- Directed by: Danielle Arbid
- Written by: Danielle Arbid
- Produced by: Omar El Kadi; Nadia Turincev; George Schoucair;
- Starring: Hiam Abbass; Amine Benrachid;
- Cinematography: Céline Bozon
- Edited by: Clément Pinteaux
- Music by: Bachar Mar-Khalifé
- Production companies: Easy Riders Films; Abbout Productions; Rise Studio; Arab Radio and Television Network; Les Films Pelléas; Reborn Studio; Doha Film Institute; CNC;
- Distributed by: JHR Films
- Release date: 12 February 2026 (Berlinale);
- Countries: France; Lebanon; Qatar;

= Only Rebels Win =

2026 drama film

Only Rebels Win is a 2026 drama film written and directed by Danielle Arbid. It stars Hiam Abbass, Amine Benrachid, Shaden Fakih, Charbel Kamel, Rubis Ramadan and Alexandre Paulikevitch.

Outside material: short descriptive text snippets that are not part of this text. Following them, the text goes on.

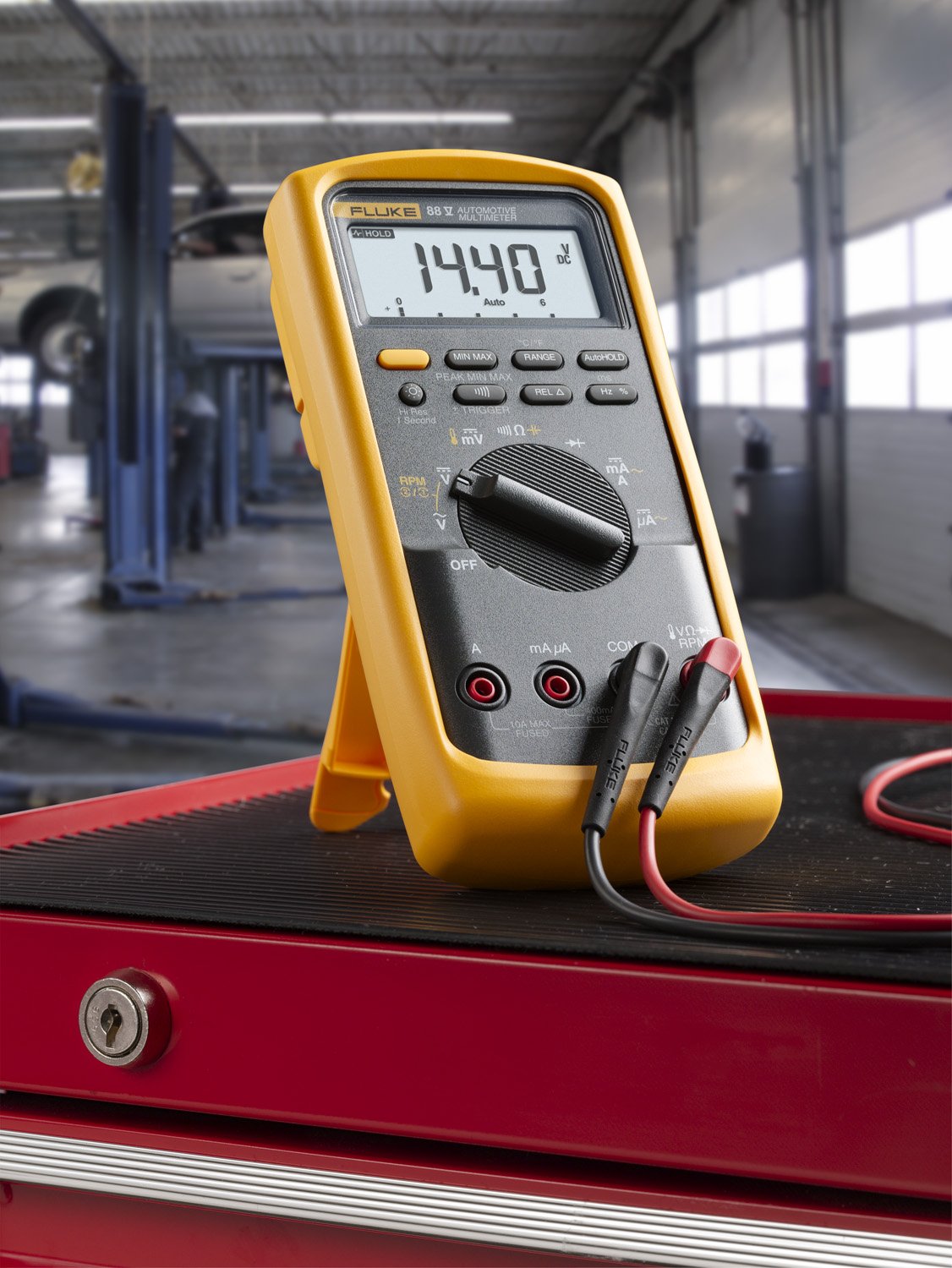 Fluke 88 temperature probe measuring component temperature for faster troubleshooting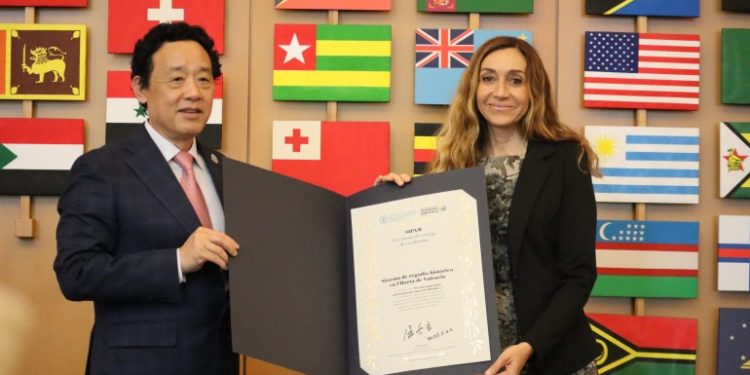 Isaura Navarro recibe la distinción para el regadío histórico de l'Horta de València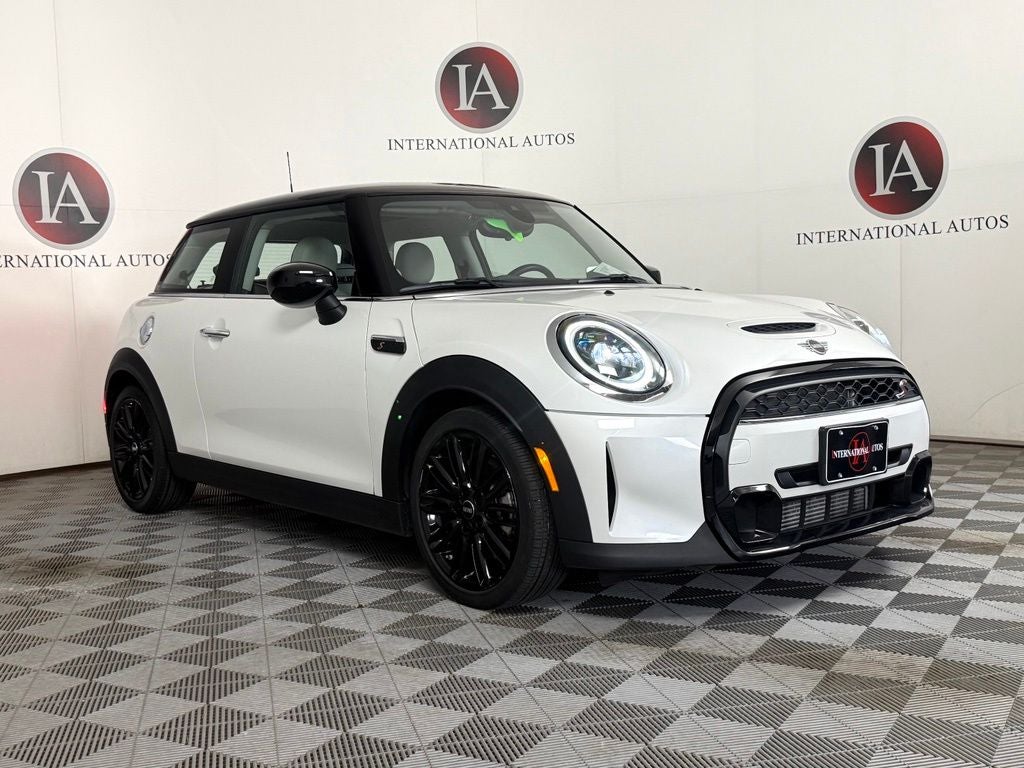 2024 MINI Cooper S Iconic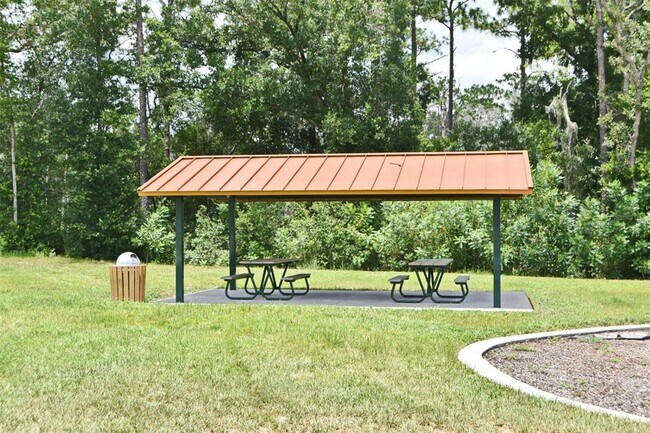 Building Photo - 440 Baroness Way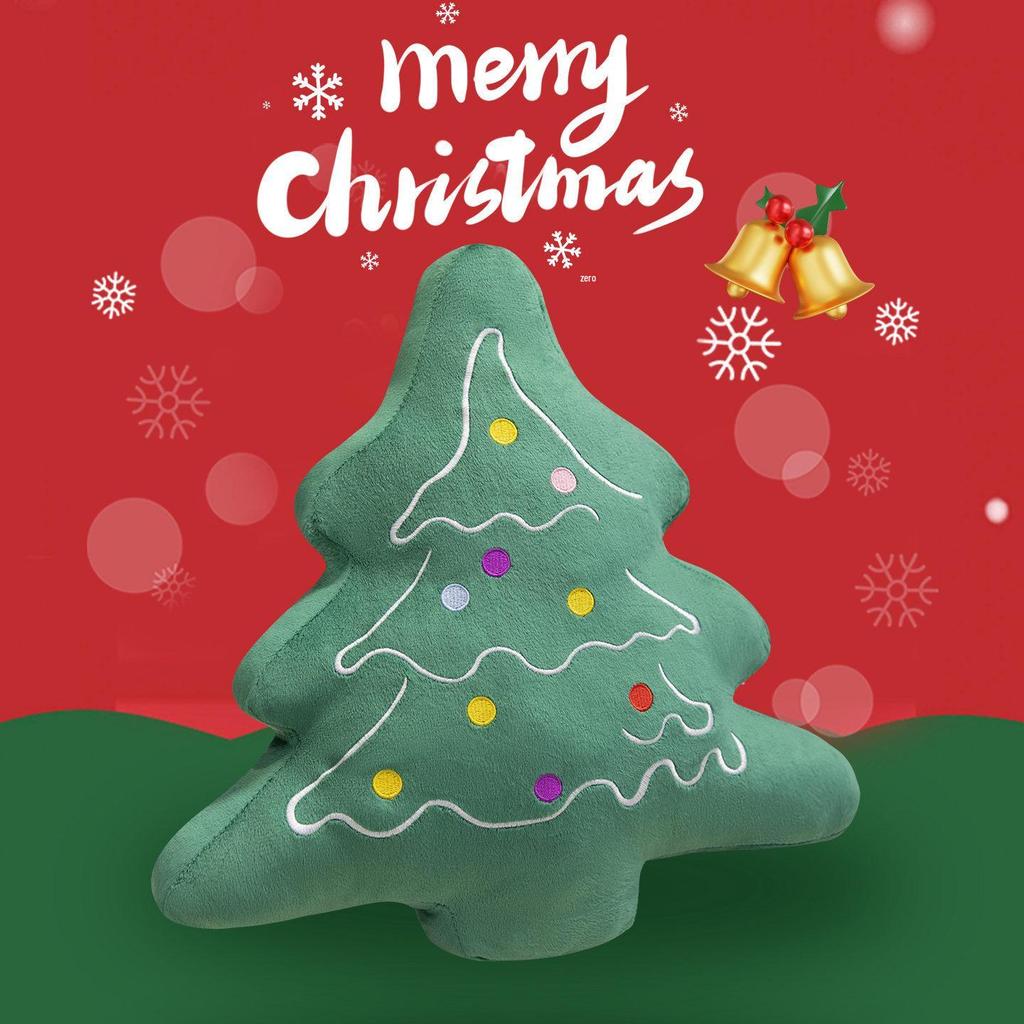 Рождественское праздничное украшение: Плюшевое дерево, Яблочный венок мира и Декоративная подушка в виде пряничного человечка.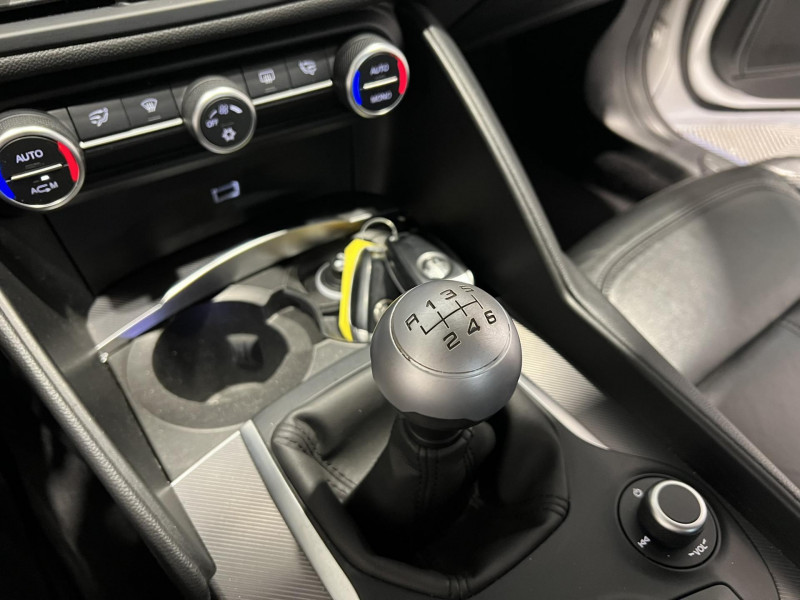 Photo 14 de l'offre de ALFA ROMEO GIULIA 2.2 180 ch Super à 16990€ chez VL Auto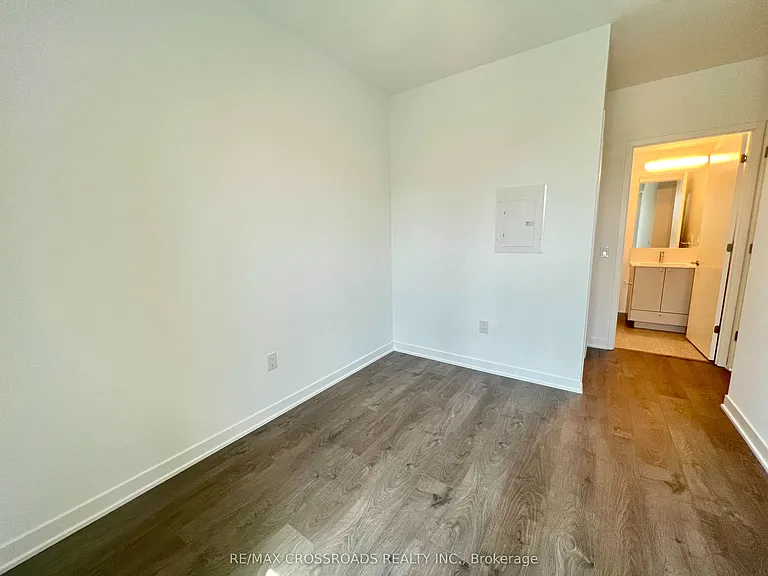10 Oak St #523 — Photo 13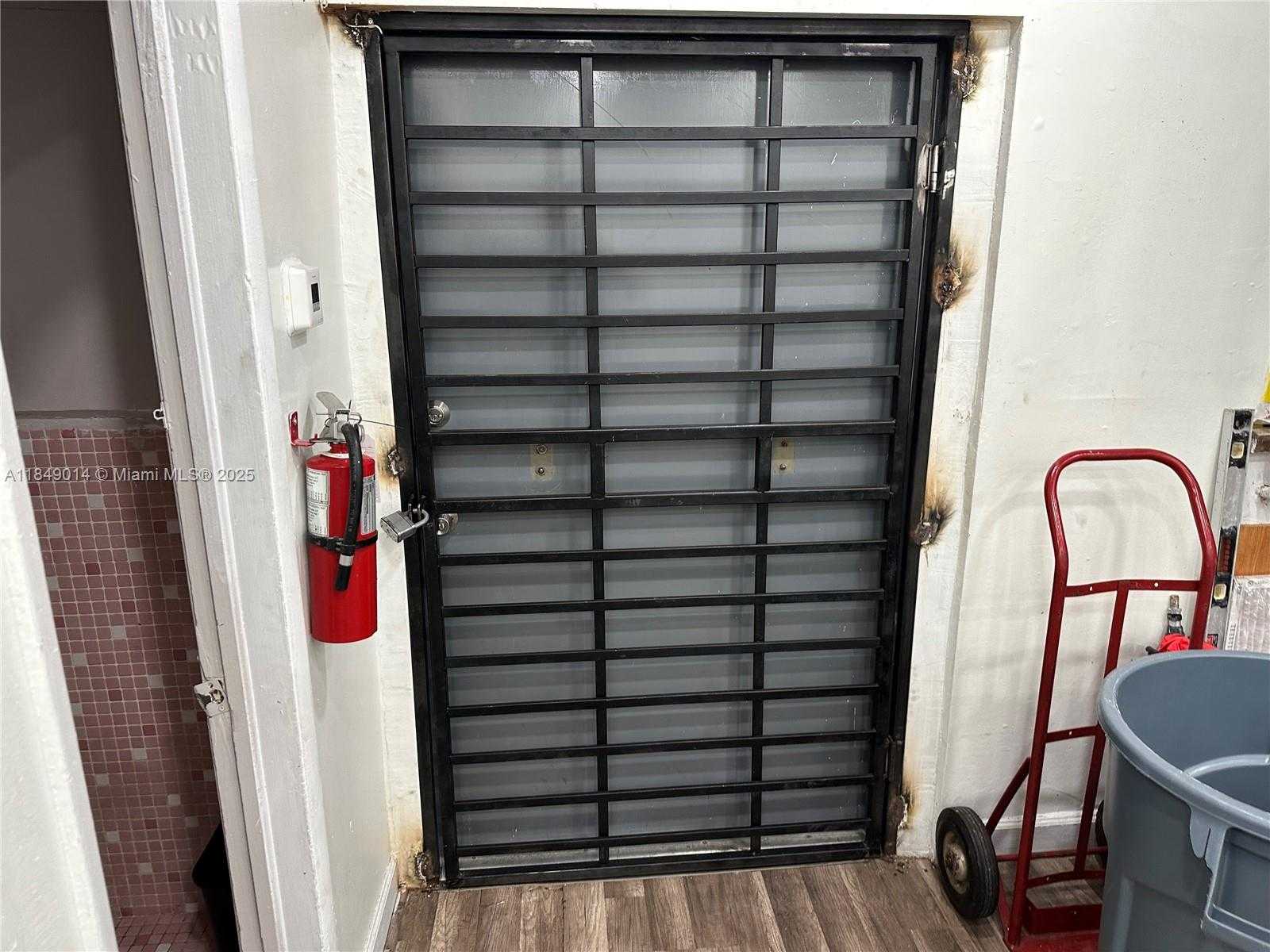 Small Image of 140 HIALEAH DR, Hialeah Number 12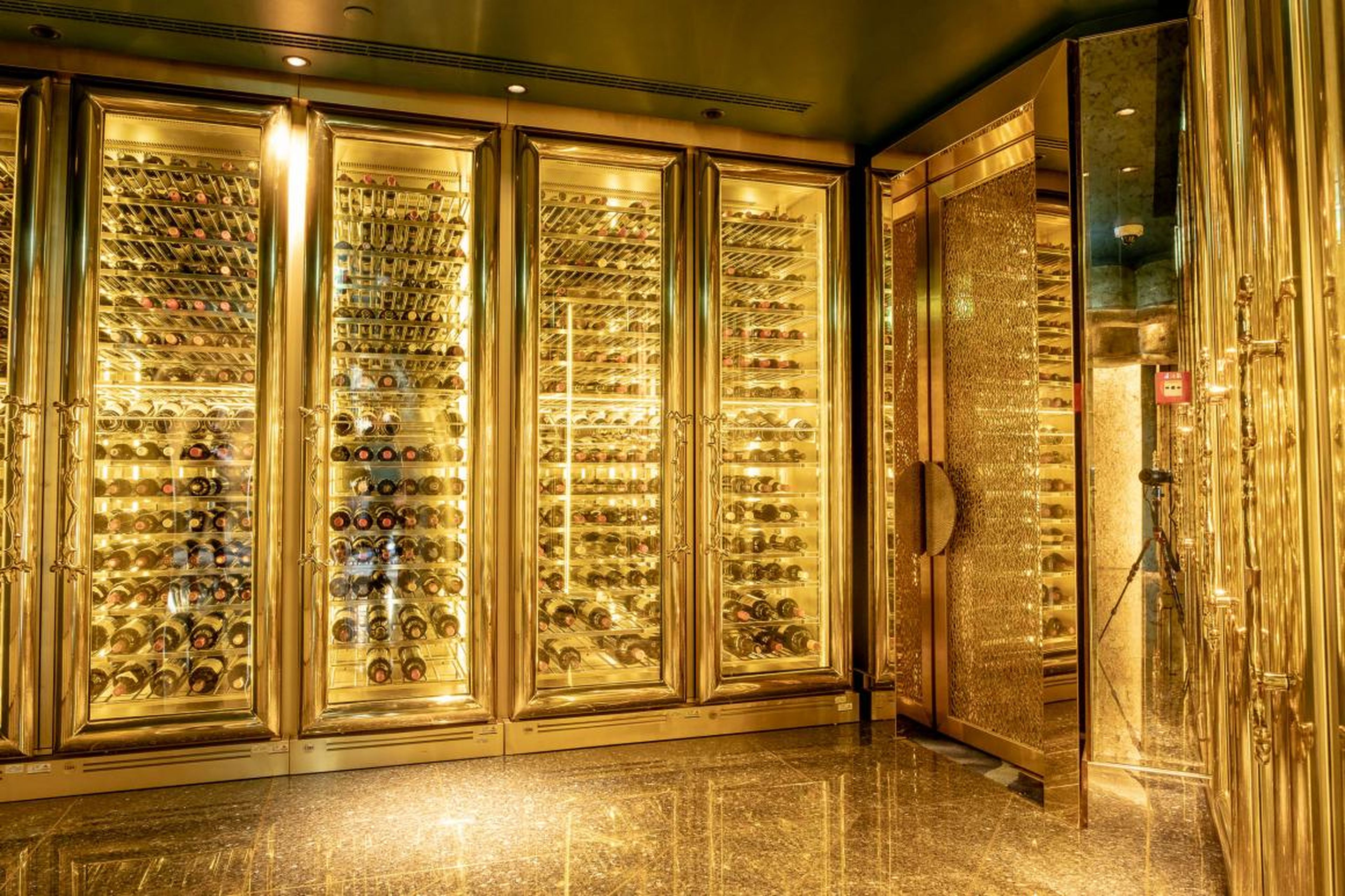 Like everything else in the Burj, the Al Mahara wine racks do, in fact, glitter with gold. It's in spots like this where my brain is caught between "Can only gold be a design aesthetic?" and "Ooh, sparkly wall!"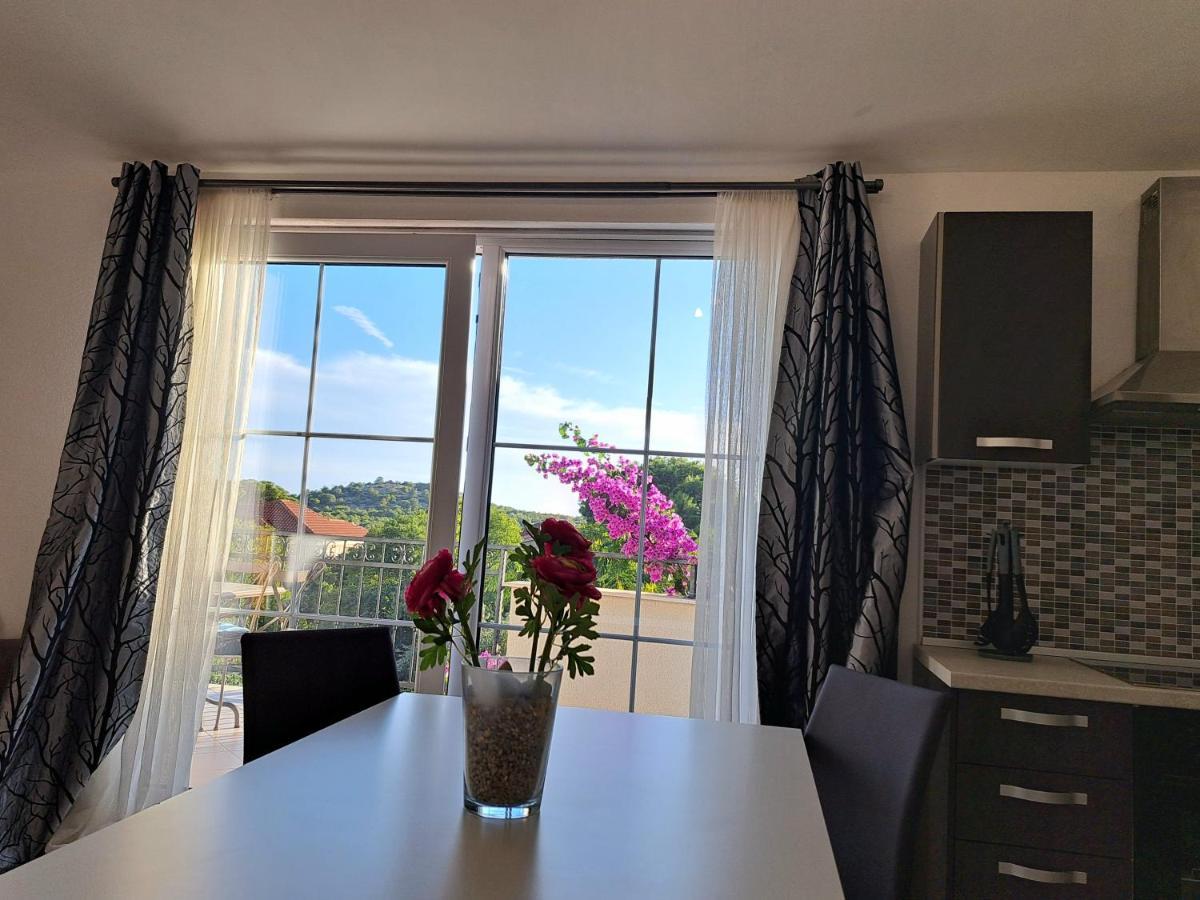 Apartment Oaza Mira Tribalj المظهر الخارجي الصورة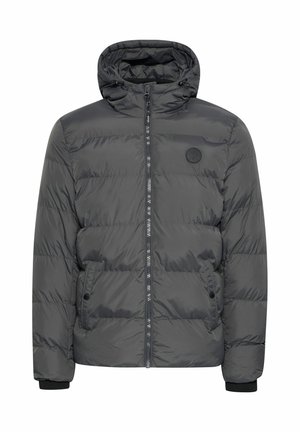 Puffer jacket in dark gray, featuring a hood, front zip closure, horizontal quilted lines, side pockets, and a black logo patch on the chest.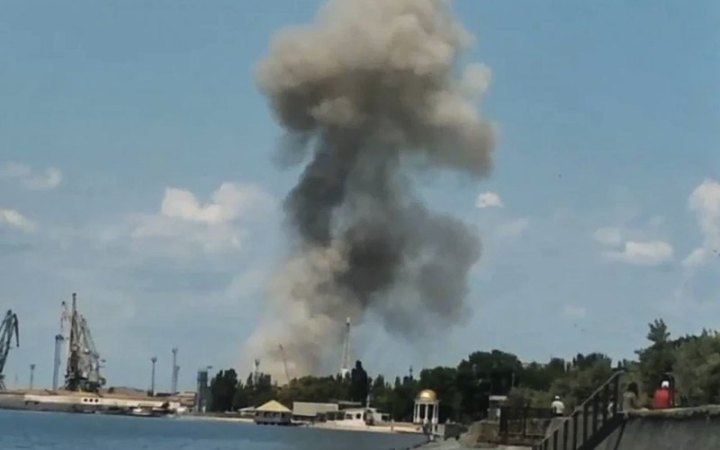 DIU, resistance movement blow up railway bridge in occupied Berdyansk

The film had its world premiere at the Panorama section of the 76th Berlin International Film Festival on 12 February 2026.

==Premise==
In Beirut, a widow falls for a young man searching for a better future.

==Cast==
- Hiam Abbass as Suzanne
- Amine Benrachid as Osmane
- Shaden Fakih
- Charbel Kamel
- Rubis Ramadan
- Alexandre Paulikevitch

==Production==
In December 2023, it was announced Hiam Abbass and Amine Benrachid had joined the cast of the film, with Danielle Arbid directing from a screenplay she wrote.

Principal photography began in January 2025 at Montjoie Studios in France.

==Release==
It had its world premiere at the 76th Berlin International Film Festival on 12 February 2026 in the Panorama section.